Hey man, I'm just wondering if you have heard anything about the need to hire new lineman apprentices? I'm on a waiting list for the northeastern apprenticeship training program have been since June. So I'm just sort of waiting around working my construction job in the time being. It would be nice to hear an opinion of someone actually in 351.


----------



## Jbowyer24 (Apr 7, 2013)

I've been hard pressed to find any linemen in the Local to ask or anyone in general. All the linemen I can get in touch with are all 456 and more north.


----------



## drumnut08 (Sep 23, 2012)

Jbowyer24 said:


> I've been hard pressed to find any linemen in the Local to ask or anyone in general. All the linemen I can get in touch with are all 456 and more north.


351 has their own line crew ? Is it still considered 351 ? Lineman generally are a separate entity with their own local number . I'm not in 351 but have worked in their territory on and off for years . Rumors fly around in any local and unless you actually find someone in that program , a regular inside J/W most likely isn't going to know . Be a pest and keep calling the hall . They'll tell you something even if its wrong , lol ? Seriously though , try finding out from the top . Good luck !


----------



## Jbowyer24 (Apr 7, 2013)

I'm fairly positive. When I took my test and interviewed NEAT said I'd be placed in 351. Do you think someone at the hall would even be able to supply me with projections like that? Or should I go down and ask in person?


----------



## drumnut08 (Sep 23, 2012)

Jbowyer24 said:


> I'm fairly positive. When I took my test and interviewed NEAT said I'd be placed in 351. Do you think someone at the hall would even be able to supply me with projections like that? Or should I go down and ask in person?

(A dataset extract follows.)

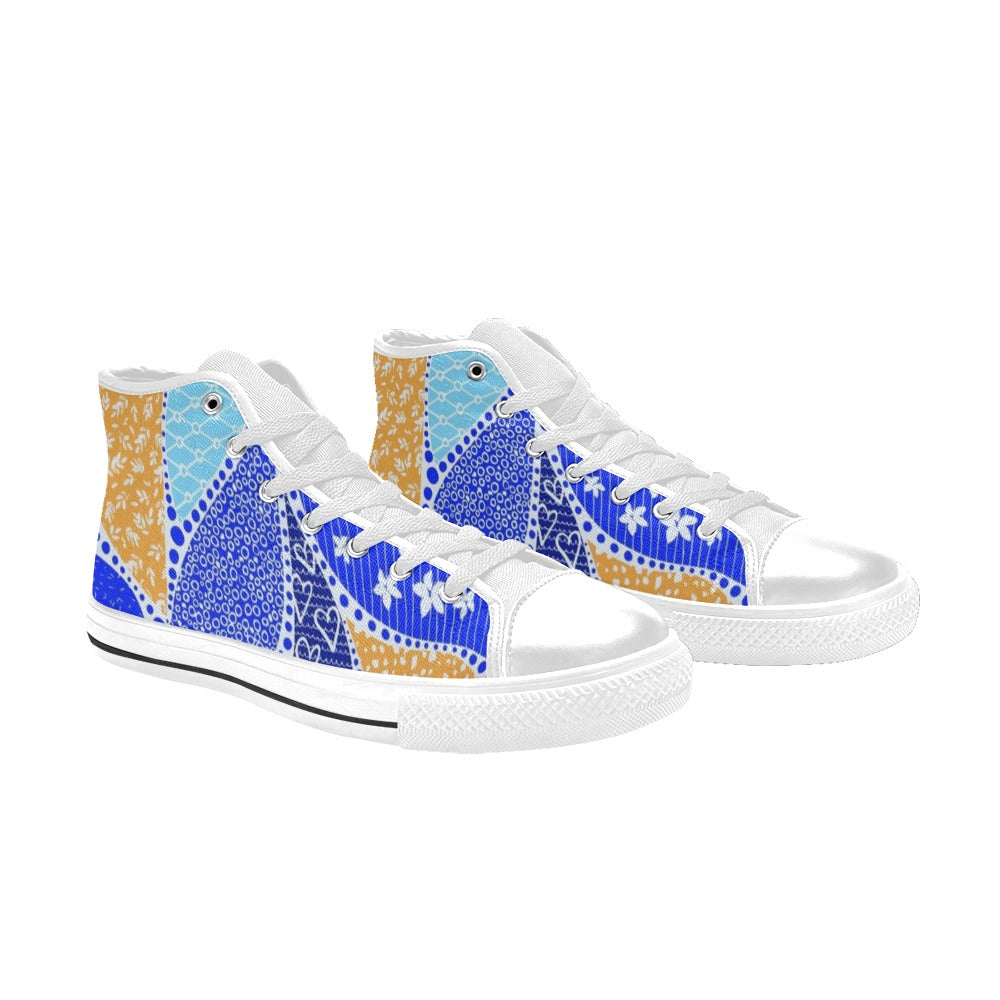 Blue Swirl Women's High Top Canvas Shoes Womens Classic High Top Shoes Printed Offshore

It couldn't hurt , believe me ! The squeaky wheel gets the grease when it comes to any local . Let them know you're there . In person I feel is always better than on the phone . It shows you care enough about getting in , that you made a trip down to talk to someone in person . At the very least , they can put a face to the name . Be persistent !


----------



## Jbowyer24 (Apr 7, 2013)

Sounds good, the training director for NEAT suggested I inquire about a ground hand/ truck driver position. I guess on the next rain out day I have ill take the 45 minute ride down.


----------



## brownie525 (May 15, 2010)

dont know to much about the outside program. I know we had inside 1st year apprentices sitting for an entire year before being set out, so sitting since june isnt shocking. Calling the hall cant hurt. :thumbsup:


----------



## Jbowyer24 (Apr 7, 2013)

Alright thanks anyway, do you suggest I contact the training center or the actual hall?


----------



## carambola (Sep 15, 2011)

good luck in vineland


----------



## Jbowyer24 (Apr 7, 2013)

What do you mean?


----------



## carambola (Sep 15, 2011)

try the hall, in person, instead


----------



## Jbowyer24 (Apr 7, 2013)

Okay... Are you 351 as well? Inside or outside?


----------



## brownie525 (May 15, 2010)

i dont think the jatc in vineland has anything to do with the outside program, i would call the hall.


----------



## Jbowyer24 (Apr 7, 2013)

Okay sounds good ill just stop up there


----------



## brian john (Mar 11, 2007)

Windsor or Cleveland?


----------



## Jbowyer24 (Apr 7, 2013)

I'm talking about folsom south New Jersey.


----------



## drumnut08 (Sep 23, 2012)

brian john said:


> Windsor or Cleveland?


I do believe that went over the young lads head , lol ? 460 , I'm a big block guy . No substitution for cubic inches .


----------



## drumnut08 (Sep 23, 2012)

Jbowyer24 said:


> I'm talking about folsom south New Jersey.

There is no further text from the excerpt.